1. Operate globally, act locally
Before opening stores or e-commerce to shoppers outside the U.S., retailers should do their homework. There are often customs and laws that a retailer must or should follow. Sometimes that means running company slogans or logos past marketing experts who know the local ways well.
When Ford Motor Co., for example, wanted an ad campaign for Europe that emphasized the sturdy build of its cars, it came up with “Every car has a high-quality body.” In Belgium though, it read “Every car has a high-quality corpse.”
The words, phrases, symbols, and designs that are carefully crafted for the good of a retailer’s brand are essential, and should be protected. In the United States, using an element of a brand proffers trademark protection (although anyone interested in protection will also register it with the U.S. Patent and Trademark Office). In many foreign countries, however, first-to-file beats first-to-use.
This recently happened to, of all companies, Apple. The company cannot use the name “iWatch” for its much anticipated wearable because an Irish software company previously trademarked the name before the device’s big reveal. So it behooves companies even considering a presence or product in a country to register trademarks well before their global launch.
In some areas of the world, bribing officials is an accepted practice to obtain building permits and licensing and close business deals. It’s not exactly copasetic from the perspective of the U.S. government, however, as Wal-Mart Stores Inc. and its Mexican division, Walmart de México, has found. The retailer’s bribery scandal is ongoing and includes investigative press reports, government inquiries on both sides of the border, and criminal court proceedings that have cost the retailer dearly.
There are grey areas, however. In some countries, “gifts” are expected during business negotiations.
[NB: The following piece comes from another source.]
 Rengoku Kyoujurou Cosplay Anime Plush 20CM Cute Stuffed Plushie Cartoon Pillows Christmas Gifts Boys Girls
The U.S. Department of Justice has a guide — including case studies — on how to comply with the Foreign Corrupt Practices Act of 1977, which outlaws the kind of activity that has Wal-Mart Stores in so much hot water, while still keeping up with business gift customs.
4. Data protection policy
There’s an argument to be made that retailers in the U.S. must move more swiftly and forcefully to get ahead of the data hacks that have put their systems and their customers’ information at risk.
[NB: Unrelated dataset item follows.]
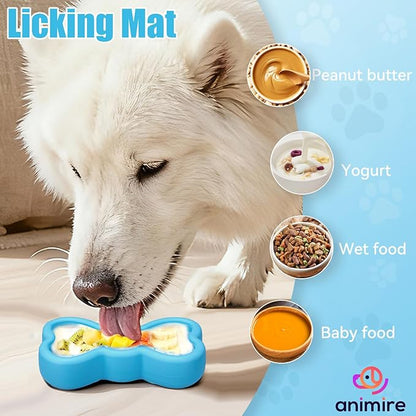 Lick Mat for Dogs, Animire Anti-Spilled Bow Tie Lick Bowls for Anxiety Relief, Silicone Slow Feeder Licking Pad with Suction Cups, Freezeable Dog Enrichment Toy for Boredom(Light Blue,S)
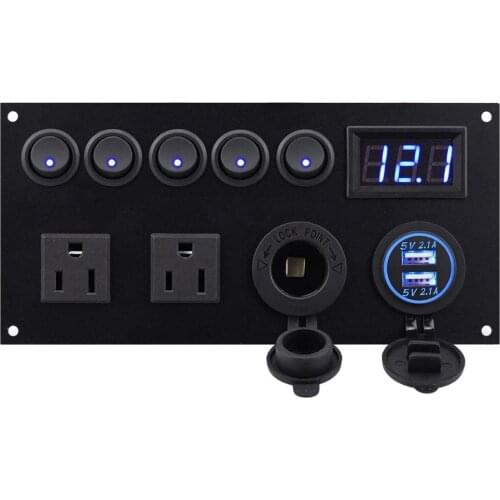 5 Gang Toggle Switch Multi-Functions Panel for Marine Boat Rv Camper Caravan Home Office Wall Plate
In any case, there are much tighter rules and higher expectations of data security in some countries, particularly in Europe, where data protection is an extension of privacy rules related to human identity and civil liberties. Rules and regulations vary in each country, too.
Getting the language right is not just about branding and messaging. As e-commerce grows, a retailer may have a presence in some countries where it has no brick-and-mortar stores, and will have to adjust their website to local languages.
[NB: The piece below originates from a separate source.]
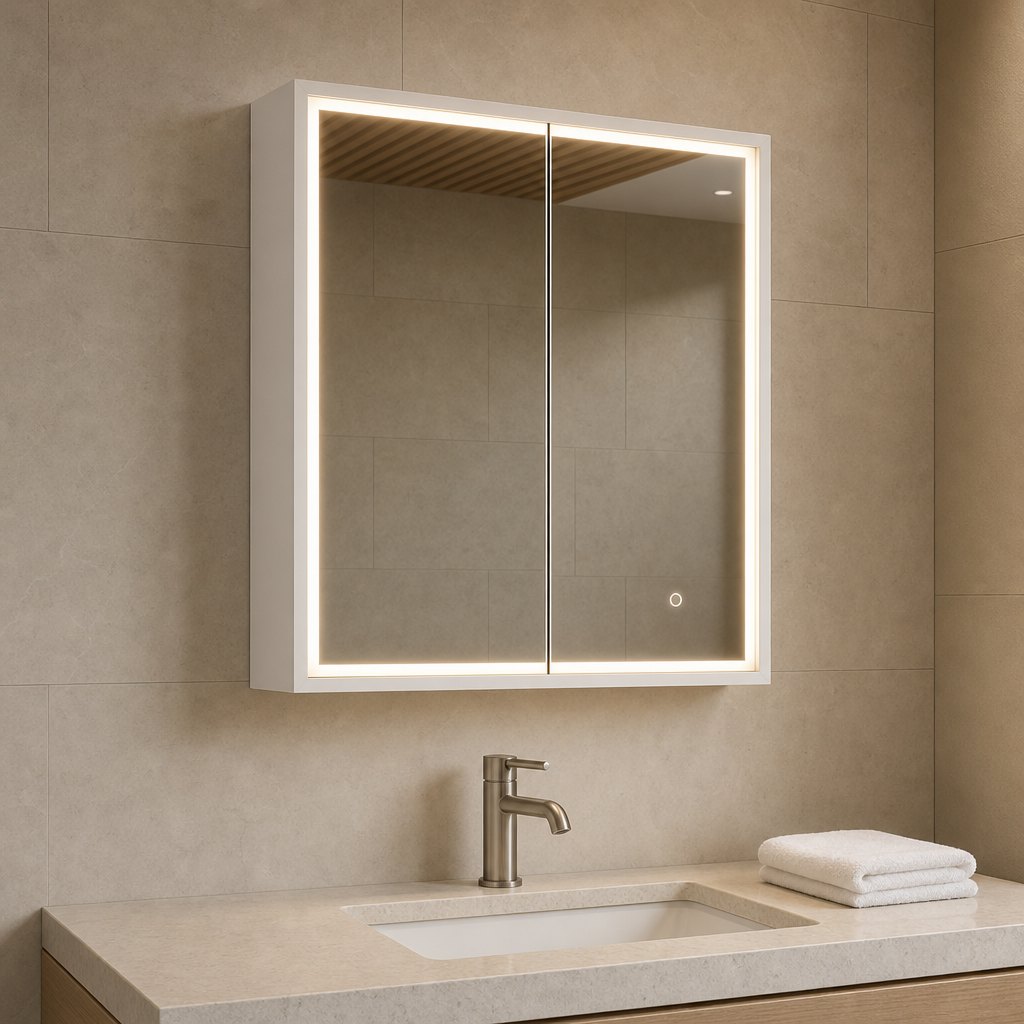 600mm Aluminum LED Mirror Cabinet with Anti-Fog Pad and Touch Dimmer — installed in a bathroom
While many global consumers expect to find English as the only language on retail sites, it turns out that retailers that localize their sites by providing information and logistics like shipping in local languages increase their conversion rates significantly.
While it seems intuitive, this can be tricky because a retailer has to try to maintain its own tone while balancing that with what can get lost in translation.
6. Logistical realities
Currency fluctuations, webs of import-export regulations and taxes, and other legally logistical nightmares can take a greater toll than a retailer might anticipate. That goes for e-commerce, too.
7. It goes both ways
The state of global retail efforts is especially intriguing because, just as American retailers look overseas to capture new growth, foreign retailers are looking to the U.S.
“This is a country of shopaholics,” Faith Hope Consolo, chairman of the retail group at Douglas Elliman, which has consulted Australian, New Zealand, and Canadian retailers about coming into the U.S., told the New York Times. “It’s a fickle market here — the consumer always wants something new.”